[Web page caption snippets]
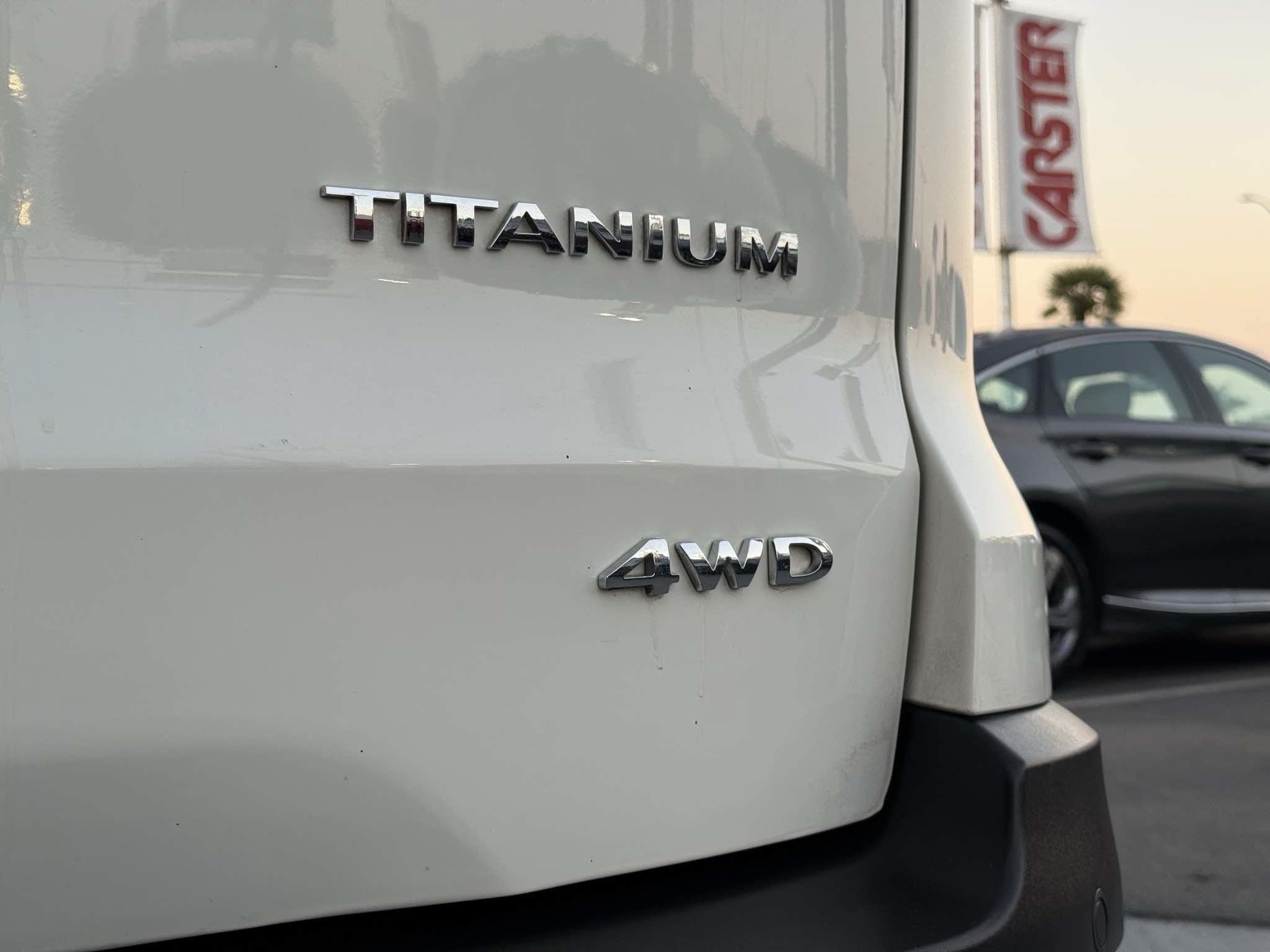 Used 2022 Ford EcoSport Titanium AWD/4WD image 38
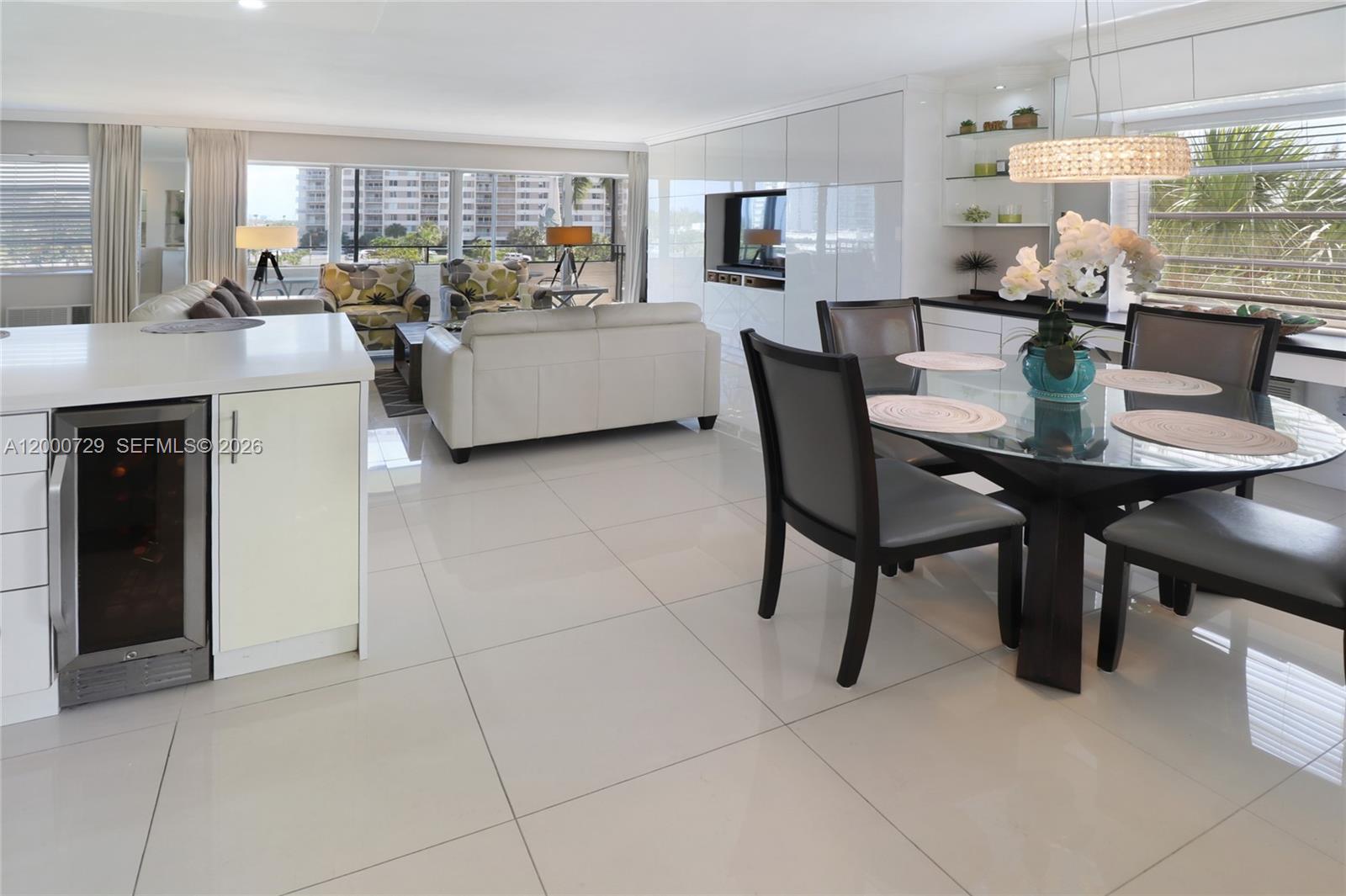 220 N Kings Point Dr 415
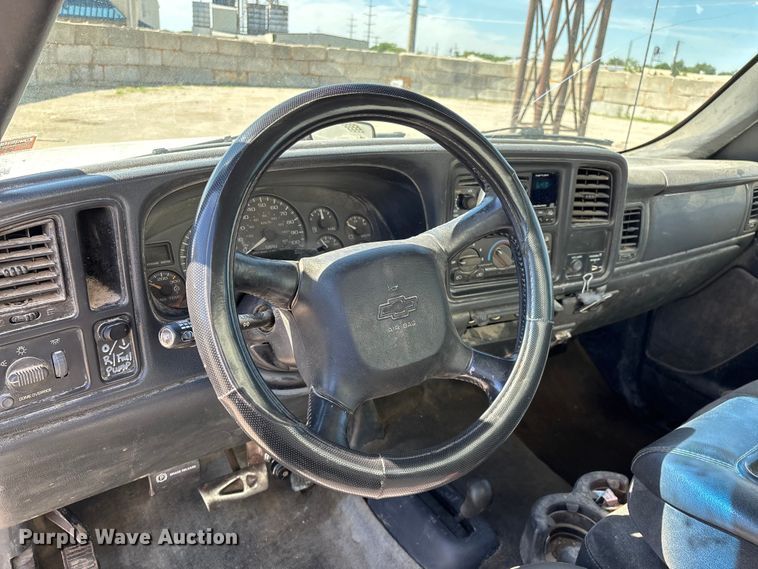 image for item FG0345 2002 Chevrolet Silverado 3500 pickup truck cab and chassis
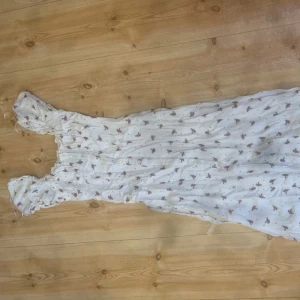 Lång klänning från H&m  - Säljer denna långa klänningen från H&m den är öppen längst ner och är i strl 34 säljer den för 35:-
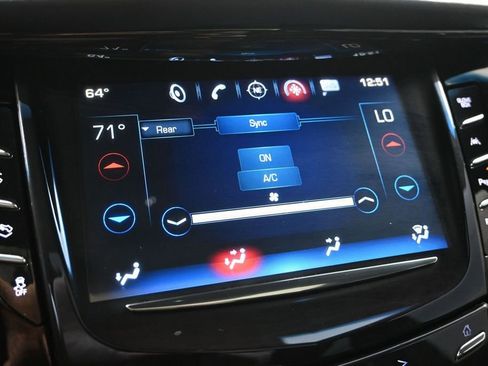Used 2020 Cadillac Escalade Platinum AWD/4WD image 22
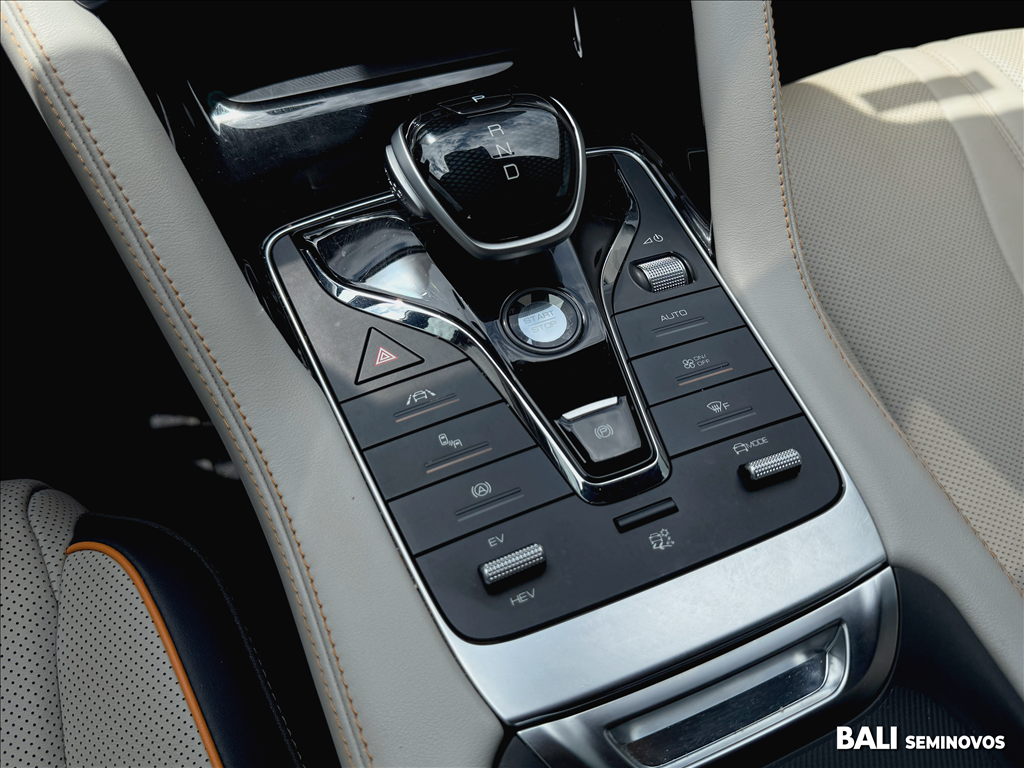 SONG PLUS 1.5 DM-I HÍBRIDO AUTOMÁTICO12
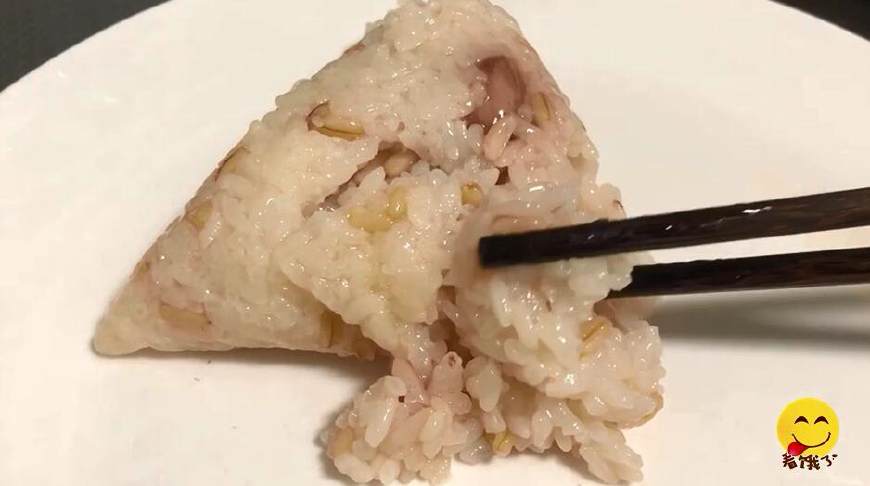 粽子不要绳子的包法,糯米粽子不煮怎么放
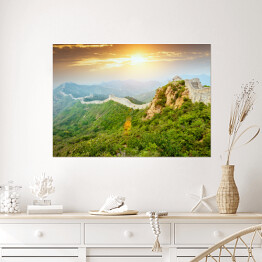 Plakat Wspaniały Wielki Mur Chiński podczas zachodu słońca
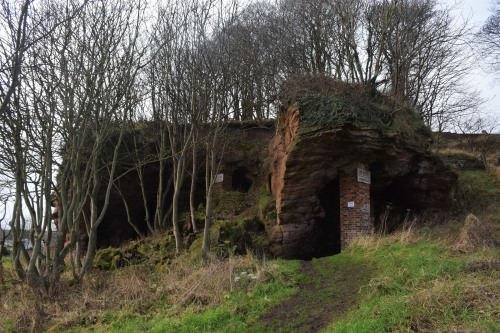 Wemyss Caves, FifeWe recently visited a set of caves along the coast of Fife, located near the villa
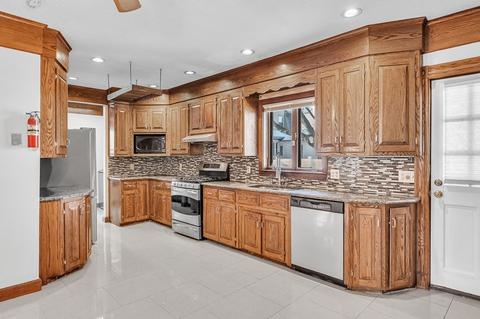 106 Bell St, Chicopee, MA 01013 photo 5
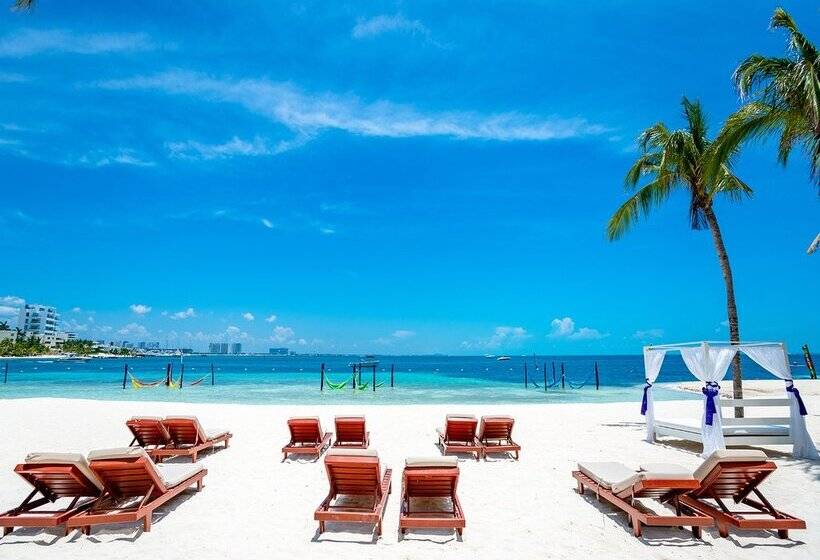استراحتگاه Grand Oasis Palm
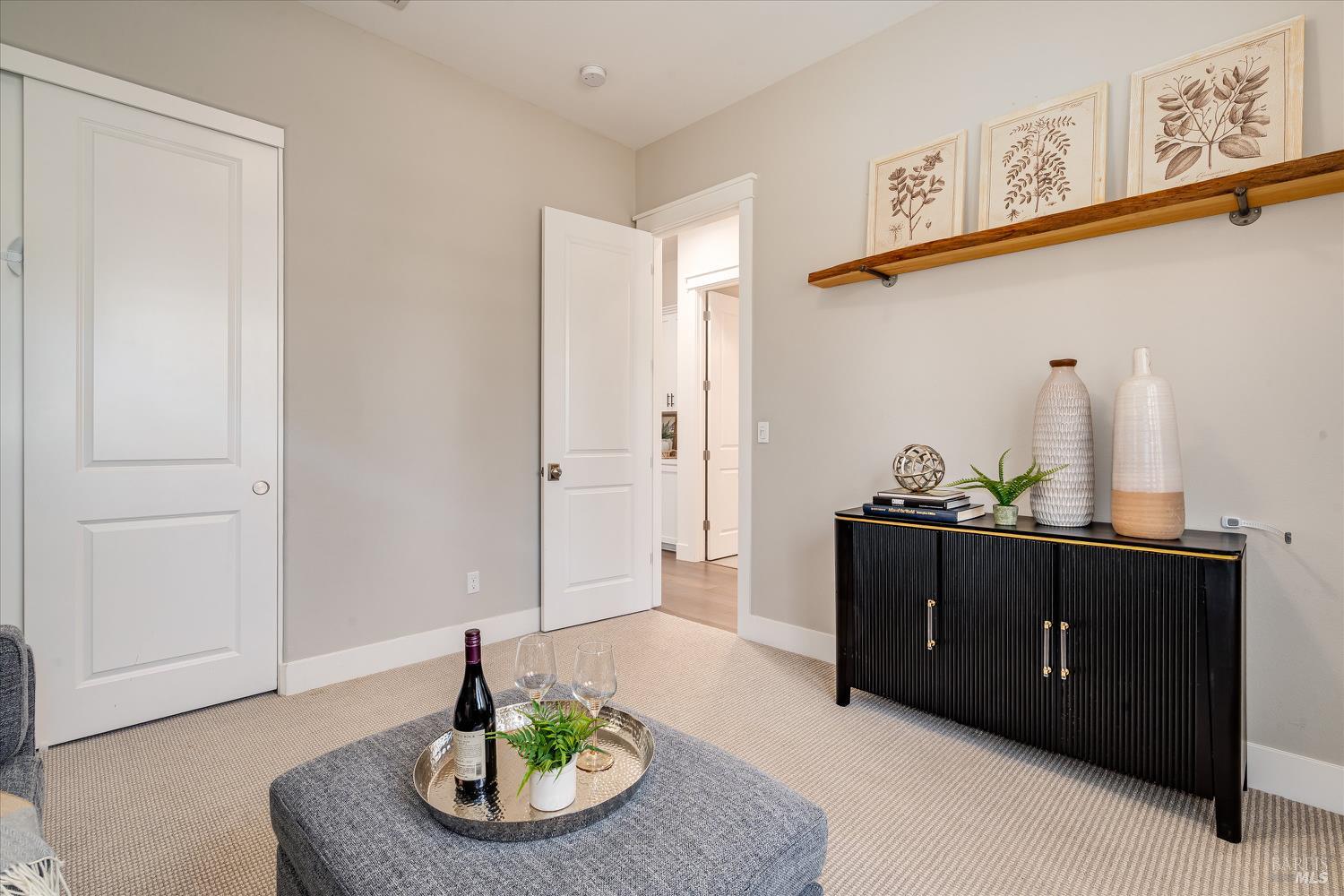 215 Pheasant Court Napa CA 94558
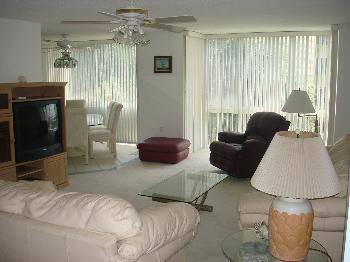 $209,900
Clearwater Beach 2BR 2BA, Amazing views from the dining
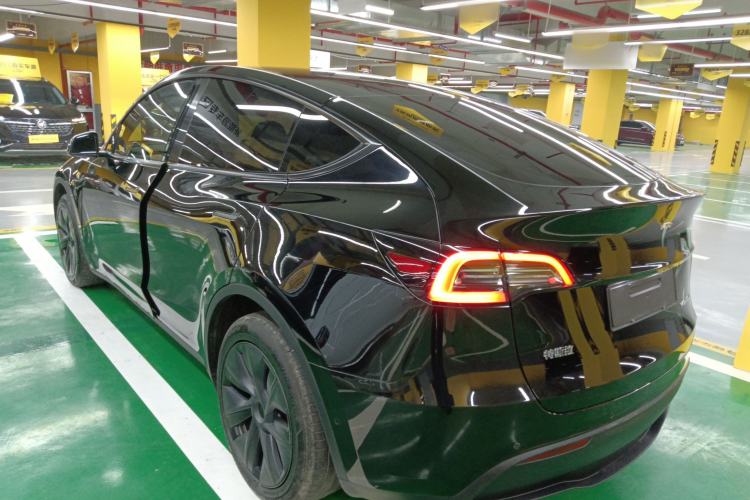 Used Tesla Model Y 2023 Long-Range All-Wheel-Drive Version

■ Work item
Would you write out exactly the lines above, starting at the line containing "Lång klänning från" and stopping after the line containing "粽子不要绳子的包法,糯米粽子不煮怎么放"? Omit the pictures.

■ Finished task
 Lång klänning från H&m  - Säljer denna långa klänningen från H&m den är öppen längst ner och är i strl 34 säljer den för 35:-
Used 2020 Cadillac Escalade Platinum AWD/4WD image 22
 SONG PLUS 1.5 DM-I HÍBRIDO AUTOMÁTICO12
 粽子不要绳子的包法,糯米粽子不煮怎么放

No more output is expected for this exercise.